Напомним, именно такими решениями пока и закончились все разговоры о "большой приватизации" в 2011 году — здесь Алексей Кудрин не исключение, а правило. Как, в общем, и Дмитрий Медведев, заявивший об осторожности в приватизации "инфраструктурных" компаний, от которых зависит "обороноспособность" страны. Нет нужды уточнять, в какой мере под критерий "обороноспособности" при желании подверстываются "Транснефть" (с ее стратегическим контролем над главным экспортным ресурсом — нефтью), "Газпром" (основа энергетики и второй по значению экспортный товар), судостроение, авиастроение, большая часть машиностроения, железные дороги, автодорожное строительство, гидроэнергетика и сети, да, в общем, и "Почта России", и Сбербанк, и "Аэрофлот" легко укладываются в эти списки "инфраструктуры", и в этом смысл госкапитализма — не столько в долях от хозяйственного оборота, сколько в сети системных связей между "флагманами госкапитализма". В этой связи ПМЭФ-2011 был торжеством модели: любое соглашение о сотрудничестве между, например, "Роснано", фондом "Сколково" или "Ростехнологиями" с, например, ВЭБом или ВТБ — это именно такое поддержание и развитие "сетей госкапитализма" в экономике, а именно это и было рутиной форума в Санкт-Петербурге.
И даже совершенно однозначное по форме заявление о массовой приватизации на сумму до 1,5 трлн в 2012-2013 годах, подкрепленное к тому же невозможностью от него отказаться (полученные суммы предполагается направлять на финансирование нового дефицита Пенсионного фонда, "дыра" в котором появится из-за объявленного решения о снижении ставок страховых взносов до 30% с 2012 года), легко может быть "отыграно назад" классическим способом: покупателями госпакетов акций вполне в состоянии стать госбанки или другие госструктуры. Необходимой оговорки о том, что долю государства в "Газпроме" не предполагается приватизировать, продав ее ВТБ, долю в ВТБ — продав ее Сбербанку, а долю в Сбербанке — продав ее структурам "Газпрома", Дмитрий Медведев не сделал. И понятно почему: именно такой "приватизацией" госкапиталистические модели избегали разрушения во Франции и Германии, не говоря уже о странах Латинской Америки.
Вообще то, чего не хватало для реального планирования "похорон госкапитализма" в Санкт-Петербурге,— это именно трезвого анализа того, что именно и как контролирует государство в экономике: большая часть тезисов на этот счет безнадежно устарела, и именно в 2010-2011 годах эффективность правительства, описываемая Игорем Шуваловым, во многом сводилась к эффективности в области освоения более или менее современных форм существования госкапиталистической модели, в области приведения его в вид, похожий на сильный госсектор в Японии, Южной Корее, на Тайване — но не в США, не в Великобритании, не в Нидерландах.

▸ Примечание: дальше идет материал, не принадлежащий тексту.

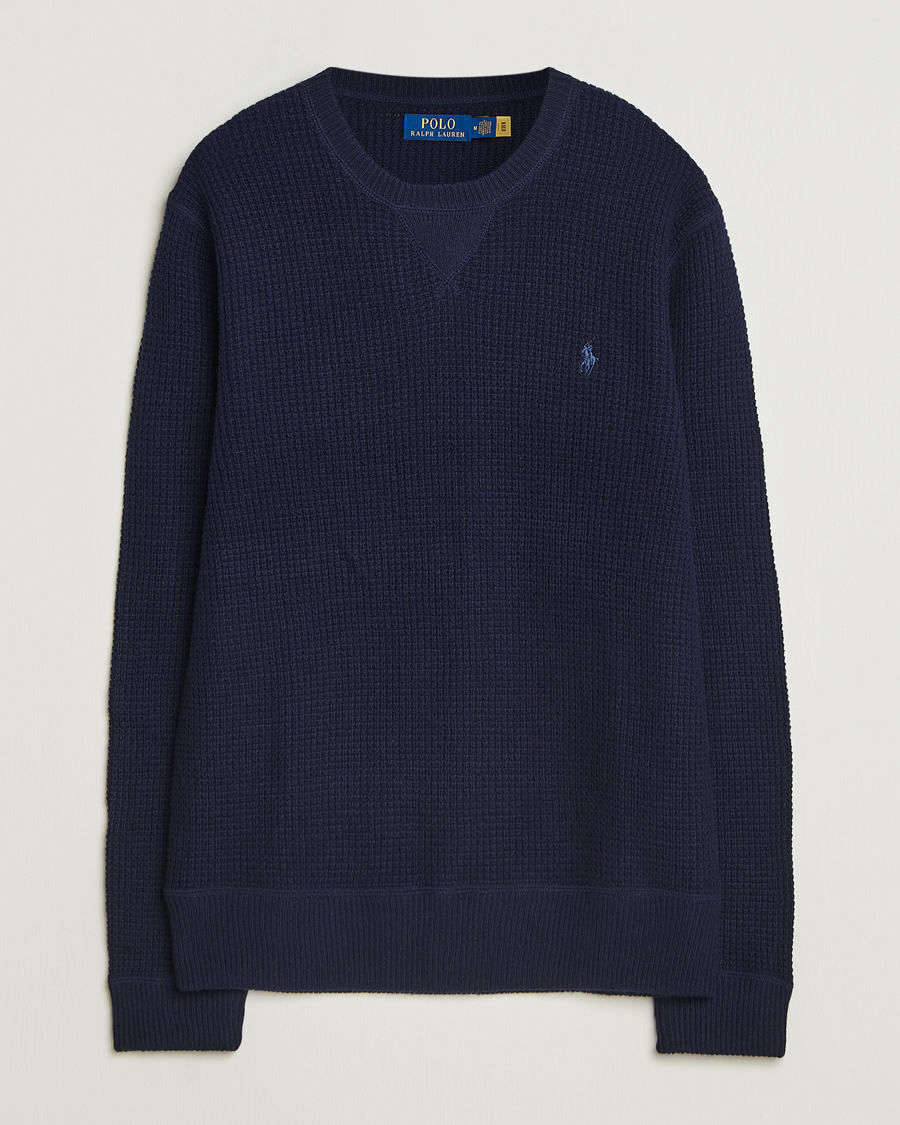 Herre | Trøjer | Polo Ralph Lauren | Cotton/Wool Pullover Hunter Navy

Да и ограничения на "похороны госкапитализма" в завершение своей речи дал сам Дмитрий Медведев, объявивший то, ради каких целей это все нужно. "Здоровые люди, чистая энергия, интеллектуальные сети, электронные услуги, удобный транспорт, доступное жилье и качественное образование, благоприятная среда для всех, и, конечно, прежде всего для детей, для инвалидов, для наших старших поколений. Мы можем позволить себе сегодня не догонять кого бы то ни было, а создавать новый технологический уклад",— победоносно завершал свою речь глава государства перечислением приоритетов модернизированной экономики. Увы, именно госкапиталистические экономики и ставят себе цели развития, сформулированные подобным образом и в подобной терминологии: вряд ли Дмитрий Медведев, будучи президентом России, мог бы избежать этого парадокса в предвыборном 2011 году на главном ежегодном экономическом форуме страны.